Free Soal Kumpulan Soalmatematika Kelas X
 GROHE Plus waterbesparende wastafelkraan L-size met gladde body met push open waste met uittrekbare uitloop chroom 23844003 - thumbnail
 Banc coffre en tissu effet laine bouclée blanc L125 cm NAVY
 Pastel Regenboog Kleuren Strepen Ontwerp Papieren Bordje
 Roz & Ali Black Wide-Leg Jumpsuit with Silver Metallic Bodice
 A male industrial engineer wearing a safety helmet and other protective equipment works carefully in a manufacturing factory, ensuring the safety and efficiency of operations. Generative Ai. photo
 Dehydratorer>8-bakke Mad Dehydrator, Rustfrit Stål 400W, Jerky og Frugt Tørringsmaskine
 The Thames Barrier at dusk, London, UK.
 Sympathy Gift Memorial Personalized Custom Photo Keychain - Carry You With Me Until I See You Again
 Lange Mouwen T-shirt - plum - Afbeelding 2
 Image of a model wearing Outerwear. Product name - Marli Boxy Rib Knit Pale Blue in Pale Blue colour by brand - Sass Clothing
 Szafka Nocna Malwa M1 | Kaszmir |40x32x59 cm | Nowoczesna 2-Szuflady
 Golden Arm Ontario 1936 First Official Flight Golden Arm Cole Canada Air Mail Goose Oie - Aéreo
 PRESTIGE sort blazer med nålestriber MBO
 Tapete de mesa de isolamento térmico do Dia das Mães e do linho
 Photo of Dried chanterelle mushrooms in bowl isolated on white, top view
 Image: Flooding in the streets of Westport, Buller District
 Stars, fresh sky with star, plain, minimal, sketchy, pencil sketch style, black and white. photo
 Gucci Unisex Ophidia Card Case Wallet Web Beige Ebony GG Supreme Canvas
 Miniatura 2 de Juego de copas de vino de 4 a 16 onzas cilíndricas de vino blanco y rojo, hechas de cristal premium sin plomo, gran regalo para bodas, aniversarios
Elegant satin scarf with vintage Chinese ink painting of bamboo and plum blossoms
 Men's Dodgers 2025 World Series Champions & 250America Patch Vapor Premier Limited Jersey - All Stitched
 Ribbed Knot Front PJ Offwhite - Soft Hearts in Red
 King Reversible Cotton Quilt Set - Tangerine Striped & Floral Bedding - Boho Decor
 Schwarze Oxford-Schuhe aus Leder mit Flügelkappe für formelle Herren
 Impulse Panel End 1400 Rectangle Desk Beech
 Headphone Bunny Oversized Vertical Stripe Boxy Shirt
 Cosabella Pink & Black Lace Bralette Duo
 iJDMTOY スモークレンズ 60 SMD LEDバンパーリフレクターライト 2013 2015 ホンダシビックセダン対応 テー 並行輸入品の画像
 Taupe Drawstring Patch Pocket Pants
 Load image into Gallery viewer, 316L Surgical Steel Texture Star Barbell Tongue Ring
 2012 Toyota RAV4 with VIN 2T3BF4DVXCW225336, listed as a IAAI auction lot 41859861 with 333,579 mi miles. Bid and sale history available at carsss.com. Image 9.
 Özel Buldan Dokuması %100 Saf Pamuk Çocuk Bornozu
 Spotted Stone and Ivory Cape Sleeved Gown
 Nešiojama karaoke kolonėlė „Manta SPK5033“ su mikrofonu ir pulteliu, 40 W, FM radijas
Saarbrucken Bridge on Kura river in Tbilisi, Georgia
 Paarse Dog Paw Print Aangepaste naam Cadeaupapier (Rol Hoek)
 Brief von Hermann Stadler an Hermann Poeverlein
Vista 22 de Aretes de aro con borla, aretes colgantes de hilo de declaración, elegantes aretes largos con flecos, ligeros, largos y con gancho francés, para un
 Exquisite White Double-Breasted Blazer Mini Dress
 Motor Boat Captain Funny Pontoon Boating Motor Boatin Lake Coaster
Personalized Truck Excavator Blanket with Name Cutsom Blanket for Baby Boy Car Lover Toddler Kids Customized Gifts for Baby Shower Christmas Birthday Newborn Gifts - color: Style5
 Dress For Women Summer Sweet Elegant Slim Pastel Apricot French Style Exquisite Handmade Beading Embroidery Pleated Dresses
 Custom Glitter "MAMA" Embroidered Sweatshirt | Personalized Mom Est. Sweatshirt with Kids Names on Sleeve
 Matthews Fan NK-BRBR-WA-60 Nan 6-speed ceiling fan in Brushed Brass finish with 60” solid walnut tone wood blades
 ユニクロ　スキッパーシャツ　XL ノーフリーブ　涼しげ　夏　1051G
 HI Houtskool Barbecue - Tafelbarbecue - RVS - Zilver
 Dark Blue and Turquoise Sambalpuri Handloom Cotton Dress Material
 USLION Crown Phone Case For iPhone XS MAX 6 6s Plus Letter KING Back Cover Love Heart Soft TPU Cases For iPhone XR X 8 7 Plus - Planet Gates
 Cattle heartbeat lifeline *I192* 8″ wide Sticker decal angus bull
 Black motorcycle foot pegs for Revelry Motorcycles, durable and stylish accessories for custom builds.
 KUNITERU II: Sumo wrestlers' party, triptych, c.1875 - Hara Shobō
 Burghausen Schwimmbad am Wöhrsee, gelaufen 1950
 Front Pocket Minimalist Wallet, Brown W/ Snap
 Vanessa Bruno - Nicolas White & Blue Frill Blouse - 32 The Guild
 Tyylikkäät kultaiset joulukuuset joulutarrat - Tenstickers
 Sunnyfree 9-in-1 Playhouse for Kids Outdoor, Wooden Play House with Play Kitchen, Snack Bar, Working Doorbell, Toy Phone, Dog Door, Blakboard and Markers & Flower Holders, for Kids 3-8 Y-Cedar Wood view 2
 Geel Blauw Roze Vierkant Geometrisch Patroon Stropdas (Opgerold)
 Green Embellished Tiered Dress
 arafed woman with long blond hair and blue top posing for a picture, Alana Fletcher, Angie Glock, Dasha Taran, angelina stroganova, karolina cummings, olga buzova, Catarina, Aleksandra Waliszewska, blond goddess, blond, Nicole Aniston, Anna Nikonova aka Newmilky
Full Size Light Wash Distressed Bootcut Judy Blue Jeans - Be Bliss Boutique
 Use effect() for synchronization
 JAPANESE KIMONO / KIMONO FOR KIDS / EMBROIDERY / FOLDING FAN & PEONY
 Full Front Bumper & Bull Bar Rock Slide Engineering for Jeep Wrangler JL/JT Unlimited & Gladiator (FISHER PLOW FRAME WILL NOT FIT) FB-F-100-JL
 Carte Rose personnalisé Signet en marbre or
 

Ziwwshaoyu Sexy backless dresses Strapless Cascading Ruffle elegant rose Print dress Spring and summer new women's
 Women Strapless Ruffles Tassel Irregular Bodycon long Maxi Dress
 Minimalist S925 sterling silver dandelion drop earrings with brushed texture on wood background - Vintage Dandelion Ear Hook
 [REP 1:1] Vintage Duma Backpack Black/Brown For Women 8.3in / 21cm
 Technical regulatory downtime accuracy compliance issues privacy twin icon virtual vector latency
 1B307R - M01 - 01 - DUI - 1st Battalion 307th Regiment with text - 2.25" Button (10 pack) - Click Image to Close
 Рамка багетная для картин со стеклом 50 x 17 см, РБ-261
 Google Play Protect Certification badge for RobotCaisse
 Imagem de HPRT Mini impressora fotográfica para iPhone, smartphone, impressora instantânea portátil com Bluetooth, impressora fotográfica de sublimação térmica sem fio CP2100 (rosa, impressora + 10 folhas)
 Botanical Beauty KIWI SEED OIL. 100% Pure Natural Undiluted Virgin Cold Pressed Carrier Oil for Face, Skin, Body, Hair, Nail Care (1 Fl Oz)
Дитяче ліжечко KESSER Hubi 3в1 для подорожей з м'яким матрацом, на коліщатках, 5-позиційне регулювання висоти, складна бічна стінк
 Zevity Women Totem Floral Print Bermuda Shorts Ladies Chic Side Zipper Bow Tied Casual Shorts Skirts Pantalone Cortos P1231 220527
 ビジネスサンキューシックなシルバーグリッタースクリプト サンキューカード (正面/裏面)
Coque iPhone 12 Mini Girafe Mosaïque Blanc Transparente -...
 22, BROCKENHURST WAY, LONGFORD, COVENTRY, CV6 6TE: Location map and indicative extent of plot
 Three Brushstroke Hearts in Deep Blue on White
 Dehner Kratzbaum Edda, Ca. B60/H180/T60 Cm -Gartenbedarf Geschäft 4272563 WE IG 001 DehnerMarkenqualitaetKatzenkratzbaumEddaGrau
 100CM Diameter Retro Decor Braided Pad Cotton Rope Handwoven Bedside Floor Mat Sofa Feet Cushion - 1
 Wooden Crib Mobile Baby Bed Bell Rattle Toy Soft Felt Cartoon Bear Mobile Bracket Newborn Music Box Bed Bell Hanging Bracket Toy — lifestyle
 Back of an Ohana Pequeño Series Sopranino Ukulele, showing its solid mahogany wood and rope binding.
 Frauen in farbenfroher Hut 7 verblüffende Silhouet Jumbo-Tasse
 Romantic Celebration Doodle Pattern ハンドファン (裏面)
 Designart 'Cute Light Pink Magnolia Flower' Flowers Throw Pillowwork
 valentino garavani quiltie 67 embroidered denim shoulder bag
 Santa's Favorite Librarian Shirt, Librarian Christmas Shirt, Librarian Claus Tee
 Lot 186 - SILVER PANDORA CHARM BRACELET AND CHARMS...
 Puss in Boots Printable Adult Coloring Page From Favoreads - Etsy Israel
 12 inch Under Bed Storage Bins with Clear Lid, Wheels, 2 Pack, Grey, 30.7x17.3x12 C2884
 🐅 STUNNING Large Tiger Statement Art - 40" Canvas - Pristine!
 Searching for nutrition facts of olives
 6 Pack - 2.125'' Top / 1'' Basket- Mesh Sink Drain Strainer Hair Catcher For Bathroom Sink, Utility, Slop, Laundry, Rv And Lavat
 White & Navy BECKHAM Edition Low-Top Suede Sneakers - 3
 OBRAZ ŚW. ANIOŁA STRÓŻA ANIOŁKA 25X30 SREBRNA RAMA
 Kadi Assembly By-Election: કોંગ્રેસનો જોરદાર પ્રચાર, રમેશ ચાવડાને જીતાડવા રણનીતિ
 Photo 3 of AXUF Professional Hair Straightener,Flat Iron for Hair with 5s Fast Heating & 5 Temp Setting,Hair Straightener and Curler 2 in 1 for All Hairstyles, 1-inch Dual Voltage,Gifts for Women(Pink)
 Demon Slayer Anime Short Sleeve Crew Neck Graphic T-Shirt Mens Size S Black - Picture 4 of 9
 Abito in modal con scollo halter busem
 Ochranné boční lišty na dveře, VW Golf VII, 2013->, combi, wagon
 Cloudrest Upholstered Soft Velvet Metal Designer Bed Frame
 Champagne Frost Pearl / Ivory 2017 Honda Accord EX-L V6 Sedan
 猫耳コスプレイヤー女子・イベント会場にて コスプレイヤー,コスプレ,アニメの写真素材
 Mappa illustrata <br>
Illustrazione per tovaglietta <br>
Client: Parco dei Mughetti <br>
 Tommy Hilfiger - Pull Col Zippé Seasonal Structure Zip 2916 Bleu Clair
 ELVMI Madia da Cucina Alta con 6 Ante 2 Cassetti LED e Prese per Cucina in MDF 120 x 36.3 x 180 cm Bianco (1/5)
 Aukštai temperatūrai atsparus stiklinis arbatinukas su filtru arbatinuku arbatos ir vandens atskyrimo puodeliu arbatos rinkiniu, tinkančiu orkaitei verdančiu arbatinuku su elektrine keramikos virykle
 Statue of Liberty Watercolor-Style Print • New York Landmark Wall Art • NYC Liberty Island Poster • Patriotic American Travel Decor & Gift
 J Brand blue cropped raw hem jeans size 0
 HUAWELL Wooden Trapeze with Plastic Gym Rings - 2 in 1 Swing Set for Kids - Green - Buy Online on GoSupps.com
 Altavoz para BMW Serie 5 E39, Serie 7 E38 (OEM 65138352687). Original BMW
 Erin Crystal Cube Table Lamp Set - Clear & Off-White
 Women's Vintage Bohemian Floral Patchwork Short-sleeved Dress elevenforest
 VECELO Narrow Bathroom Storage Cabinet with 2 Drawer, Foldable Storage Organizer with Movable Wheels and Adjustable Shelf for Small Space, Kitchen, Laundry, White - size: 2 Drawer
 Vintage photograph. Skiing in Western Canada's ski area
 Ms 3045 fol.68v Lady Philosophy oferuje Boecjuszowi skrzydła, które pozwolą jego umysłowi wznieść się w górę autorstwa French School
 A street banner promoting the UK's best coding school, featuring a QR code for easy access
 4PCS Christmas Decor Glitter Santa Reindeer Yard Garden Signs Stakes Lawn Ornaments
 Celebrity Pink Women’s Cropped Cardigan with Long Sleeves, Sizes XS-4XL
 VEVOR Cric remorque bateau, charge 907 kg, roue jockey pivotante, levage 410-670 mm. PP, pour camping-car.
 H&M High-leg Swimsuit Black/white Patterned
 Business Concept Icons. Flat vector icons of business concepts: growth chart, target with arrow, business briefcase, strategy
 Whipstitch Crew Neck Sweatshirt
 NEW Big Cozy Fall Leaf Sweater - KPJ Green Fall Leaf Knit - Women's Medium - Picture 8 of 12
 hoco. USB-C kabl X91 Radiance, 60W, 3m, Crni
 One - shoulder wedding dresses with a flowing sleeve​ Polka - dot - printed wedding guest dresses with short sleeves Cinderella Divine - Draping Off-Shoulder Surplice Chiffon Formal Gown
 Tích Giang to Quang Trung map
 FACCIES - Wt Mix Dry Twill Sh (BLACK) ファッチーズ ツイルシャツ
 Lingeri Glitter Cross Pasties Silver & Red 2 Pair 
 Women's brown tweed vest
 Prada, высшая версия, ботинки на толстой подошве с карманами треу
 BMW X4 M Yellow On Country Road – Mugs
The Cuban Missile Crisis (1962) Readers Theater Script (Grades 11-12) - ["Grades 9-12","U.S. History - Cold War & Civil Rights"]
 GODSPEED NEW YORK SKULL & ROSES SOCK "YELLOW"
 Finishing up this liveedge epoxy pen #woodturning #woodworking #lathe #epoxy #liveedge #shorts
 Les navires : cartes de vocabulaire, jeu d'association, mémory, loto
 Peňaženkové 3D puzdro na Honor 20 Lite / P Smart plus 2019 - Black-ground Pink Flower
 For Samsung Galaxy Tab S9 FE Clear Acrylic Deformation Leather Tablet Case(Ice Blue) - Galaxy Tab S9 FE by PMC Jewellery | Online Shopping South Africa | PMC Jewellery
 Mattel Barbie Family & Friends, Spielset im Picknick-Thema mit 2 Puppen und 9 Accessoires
# # #
Work request: Lines from the entries that contain the string "Wallet" must be found and copied.

Task response:
 Gucci Unisex Ophidia Card Case Wallet Web Beige Ebony GG Supreme Canvas
 Front Pocket Minimalist Wallet, Brown W/ Snap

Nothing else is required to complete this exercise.